I’ve just pushed out a new version of my SXSW Artist Catalog that lets you add any artist to your SXSW schedule (via sched.org). Each artist now has a ‘schedule at sched.org’ link which brings you directly to the sched.org page for the artist where you can select the artist event that you are interested in and then add it to your schedule. It is pretty handy.
By the way, the integration with sched.org could not have been easier. Taylor McKnight added a search url of the form:
http://sxsw2009.sched.org/?searchword=DEVO
that brings you to the DEVO page at sched.org. Very nice.
While adding the sched support, I also did a recrawl of all the artist info, so the data should be pretty fresh.
Thanks to Steve for fixing things for me after I had botched things up on the deploy, and thanks in general to Sun for continuing to host the catalog.

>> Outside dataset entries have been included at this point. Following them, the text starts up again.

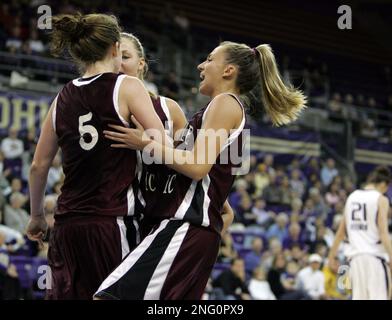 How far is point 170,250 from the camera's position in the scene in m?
3.86

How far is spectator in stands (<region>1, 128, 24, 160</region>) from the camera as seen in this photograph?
11.8 meters

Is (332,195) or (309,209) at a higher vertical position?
(332,195)

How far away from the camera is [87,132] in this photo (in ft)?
13.1

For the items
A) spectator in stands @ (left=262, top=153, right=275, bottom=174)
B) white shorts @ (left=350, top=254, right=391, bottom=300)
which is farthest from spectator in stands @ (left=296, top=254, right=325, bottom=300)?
white shorts @ (left=350, top=254, right=391, bottom=300)

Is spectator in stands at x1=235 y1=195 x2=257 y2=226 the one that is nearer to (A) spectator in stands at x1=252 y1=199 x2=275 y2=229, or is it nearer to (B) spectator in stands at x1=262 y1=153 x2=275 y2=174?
(A) spectator in stands at x1=252 y1=199 x2=275 y2=229

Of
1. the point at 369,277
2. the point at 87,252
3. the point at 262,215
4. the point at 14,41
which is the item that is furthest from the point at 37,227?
the point at 14,41

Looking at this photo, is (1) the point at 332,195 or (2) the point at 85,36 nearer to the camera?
(2) the point at 85,36

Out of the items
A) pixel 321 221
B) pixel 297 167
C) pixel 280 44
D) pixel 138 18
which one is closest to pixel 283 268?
pixel 321 221

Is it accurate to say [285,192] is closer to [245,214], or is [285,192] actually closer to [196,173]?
[245,214]

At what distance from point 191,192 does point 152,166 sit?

By the way, doing this update was a bit of a nightmare. The key data for the guide is the artist list that is crawled from the SXSW site – but the SXSW folks have recently changed the format of the artist list (spreading it out over multiple pages, adding more context, etc ). I didn’t want to have to rewrite the parsing code (when working on a spare time project, just the thought of working with regular expressions makes me close the IDE and fire up Team Fortress 2). Luckily, I had anticipated this event – my SXSW crawler had diligently been creating archives of every SXSW crawl, so if they did change formats, I could fall back on a previous crawl without needing to work on the parser. I’m so smart. Except that I had a bug. Here’s the archive code:
public void createArchive(URL url) throws IOException { createArchiveDir(); File file = new File(getArchiveName()); if (!file.exists()) { URLConnection connection = url.openConnection(); BufferedReader in = new BufferedReader( newInputStreamReader(connection.getInputStream())); PrintWriter out = new PrintWriter(getArchiveName()); String line = null; try { while ((line = in.readLine()) != null) { out.println(line); } } finally { in.close(); } }
See the bug? Yep, I forgot to close the output file – which means that all of my many archive files were missing the last block of data, making them useless. My pennance for this code-and-test sin was that I had to go and rewrite the SXSW parser to support the new format. But this turned out to be a good thing, since SXSW has been adding more artists. So this push has a new fresh crawl, with the absolute latest artists, fresh data from all of the sites like Youtube, Flicker, Last.fm and The Echo Nest. My bug makes more work for me, but a better catalog for you.
#1 by robert on March 1, 2009 - 12:17 pm
Now you need to add in sched’s list of most popular events to your charts for even more statacular stats! :)